Tuesday, 16 December 2014

Teaching Ancient Egypt for Key Stage 2 at the Ashmolean – Aisling Serrant

One of the main things I wanted to get out of my traineeship was to become comfortable with independently delivering schools sessions in a museum setting. Having the confidence to deliver a session to a group of whatever age or size, out in the gallery spaces is one of the most important attributes needed to be an Education Officer – it’s the backbone of the job. 

On my first placement, at the Oxford University Museum of Natural History, I gained a reasonable amount of primary school delivery experience through the project Making Museums. This was great practice in everything from remembering session content to class management. However, as most of the taught sections take place in designated education areas, it was still quite different from teaching right in the middle of the galleries with lots of things going on around me. Also, during Making Museums I was always team teaching whereas for the Ashmolean schools sessions I was teaching independently and was also responsible for the smooth running of my group’s day – greeting them and making sure they were clear on the structure of the day and had everything they would need.

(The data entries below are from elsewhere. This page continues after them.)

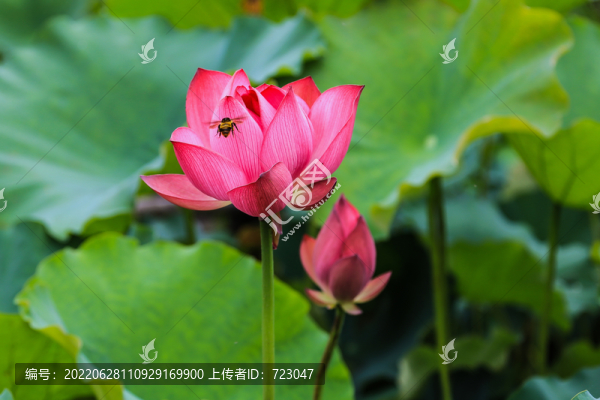 杭州曲院風(fēng)荷公園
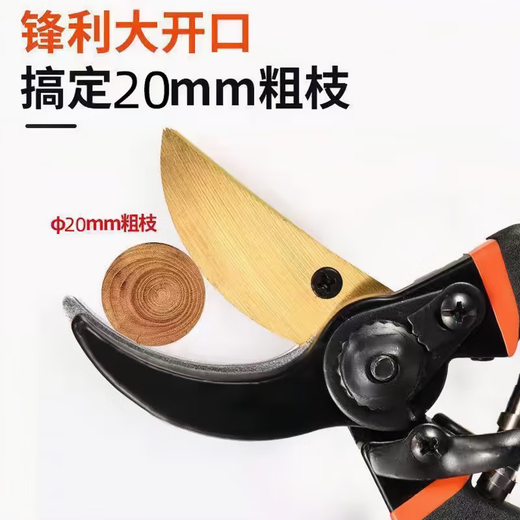 RRLFCS Germany German SK5 powerful garden shears stainless steel labor-saving pruning fruit tree thick branches German extra thick SK5 powerful thick branch shears Golden Eagle model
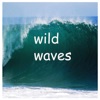 Wild Waves - Single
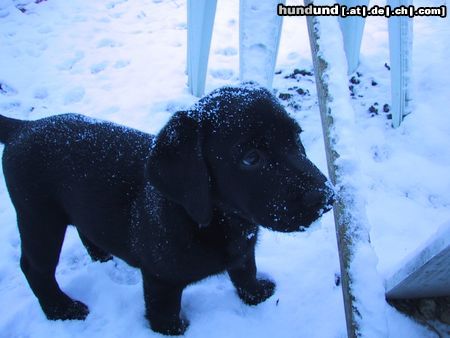 Labrador Retriever Hunde Foto 10815 Labrador Retriever Mein erster Schnee!! Das war schön(SAM)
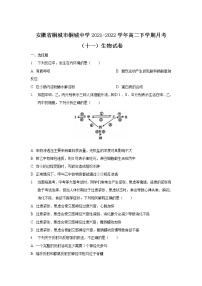 2021-2022学年安徽省桐城市桐城中学高二下学期月考（十一）生物试题含答案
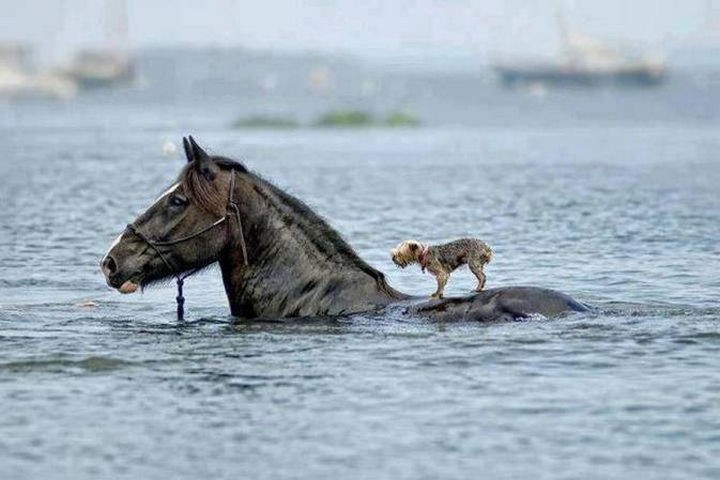 Horse carrying a Yorkie to safety.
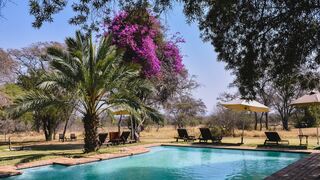 Mziki Safari Lodge | Accommodation Beestekraal
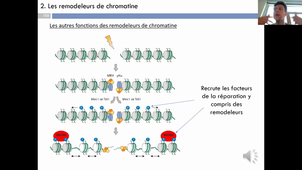 Cours Jérôme Poli Génétique 2 - HLBI601 2021 part 6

The session I taught was Life and Death in Ancient Egypt. This choice was made mainly because it is by far the most popular primary session booked at the Ashmolean Museum which would allow me plenty of time to observe it and also plenty of time to repeat deliver it. Practice makes perfect which is why, before I had even taught my first session, I was glad to be booked in to teach seven more! Beyond the practicalities of the session I was pleased to get the chance to teach about Ancient Egypt. Growing up I always wanted to be an archaeologist and this was largely fueled by a passion for Ancient Egypt. My interest continued as I grew up and learnt more, both during my Archaeology of Ancient Civilisations degree and when I was lucky enough to visit Egypt and see some of the amazing sites for myself. I feel so lucky to be working in a job where I get to be surrounded by the very things which inspired me to choose the path I have taken – and to be able to pass on this enthusiasm to a class of excited children is an amazing feeling. 

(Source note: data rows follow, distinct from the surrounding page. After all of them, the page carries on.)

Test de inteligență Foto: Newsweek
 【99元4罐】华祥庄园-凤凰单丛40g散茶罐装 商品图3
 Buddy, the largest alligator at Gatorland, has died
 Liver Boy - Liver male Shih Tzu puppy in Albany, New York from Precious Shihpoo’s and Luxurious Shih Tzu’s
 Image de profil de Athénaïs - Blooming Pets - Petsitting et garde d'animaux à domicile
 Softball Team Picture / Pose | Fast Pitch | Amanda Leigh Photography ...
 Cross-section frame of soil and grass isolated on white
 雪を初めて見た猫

In preparation for the session I observed 3 session leaders and the Project Co-ordinator teaching it. This was great as watching such experienced deliverers meant I could pick up tricks from them, but also seeing a range of styles meant I could pick up the bits of content and the techniques that best suited me. 

Aisling preparing for her session
There are lots of things to think about when teaching out in the gallery - where to sit the children so they’re not in the way of anyone, where to stand so that you can be seen and heard by all and trying to project you voice above the general chat of the public. I was glad I got to see some experts tackle these issues before I had a go myself.

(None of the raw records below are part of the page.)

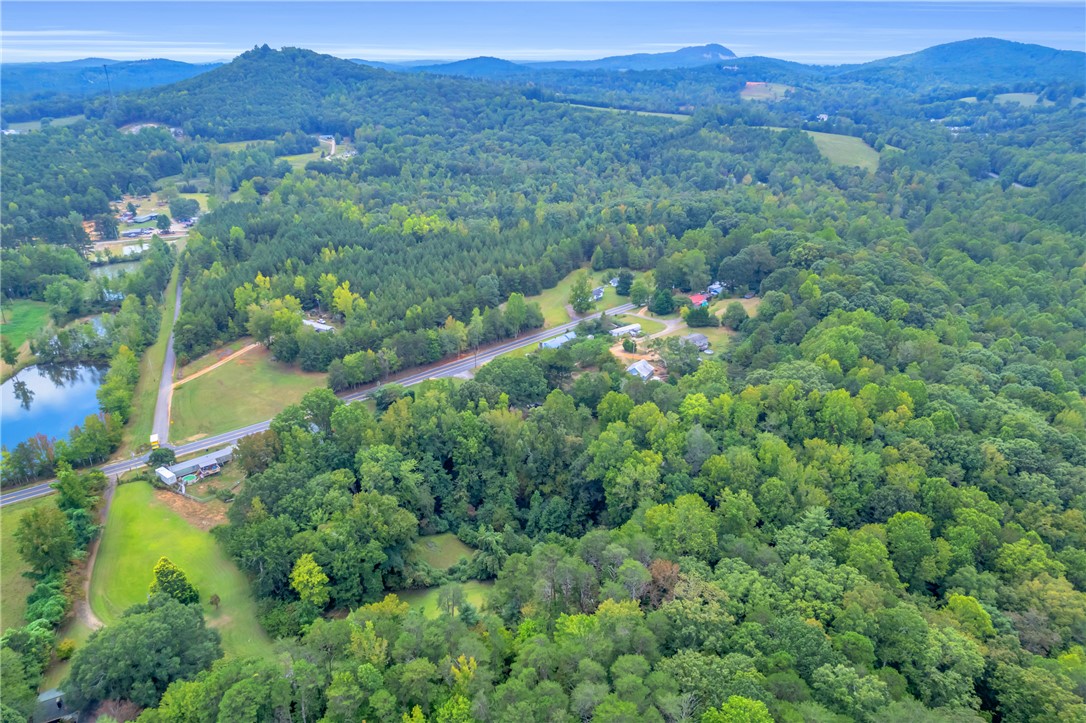 1389 Earls Bridge Road Easley, SC 29640 - Photo 26 of 30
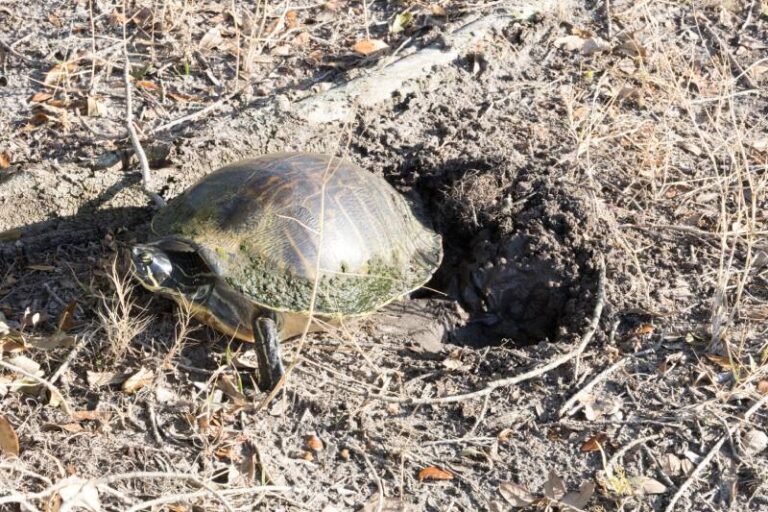 How Many Eggs Does a Turtle Lay at Once? Vet-Approved Facts | The Vet Desk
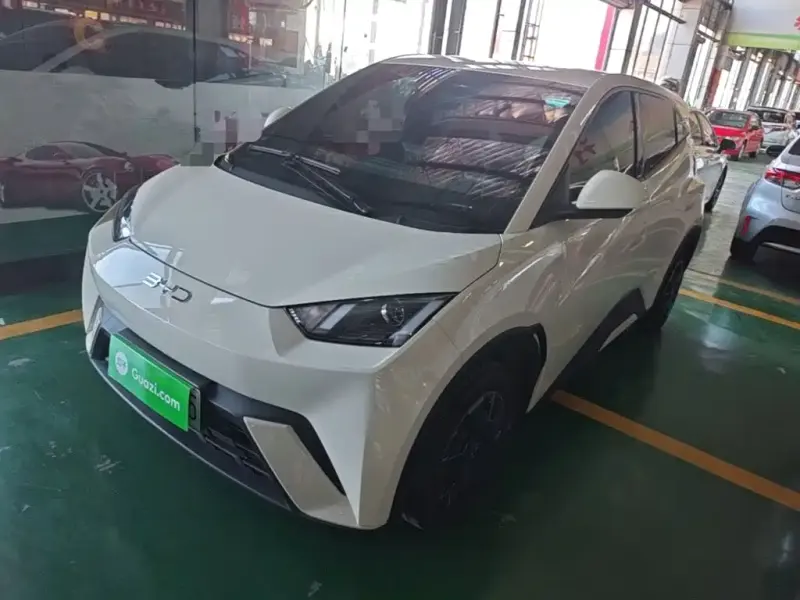 BYD Seagull, 2024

When it came to my first session I felt a little bit nervous but ready to give it a go. The group was great and I soon got into the swing of the session leading them through the different parts including whole class teaching, group activities and object handling. An hour and a half flew by and before I knew it we were done. I got good feedback from the teacher and Neil my Project Coordinator. Though they gave me some clear pointers I could improve on. The main things were my timing as I took too long on some earlier parts and ended up having to rush through the last section. Also my voice projection as the teacher commented it was sometimes a little difficult to hear when there were other visitors talking nearby. Neil gave me a good tip for improving this which is to try to talk straight at the whole group instead of aiming my voice one way, for example, if answering a question from a child who is sat at one side of the group. I was more conscious of this in the following sessions I taught and, after Jo, Head of Education came to watch parts of my third session, she told me that volume wasn’t an issue in the bits she saw so hopefully this is something I have improved on. 

Aisling in front of Taharqa's shrine

I really enjoyed teaching the primary sessions and am looking forward to the ones I have coming up. It feels satisfying to be able to confidently lead an hour and a half session on my own and I look forward to using the skills and confidence it has given me in my next placement and hopefully in a job after that.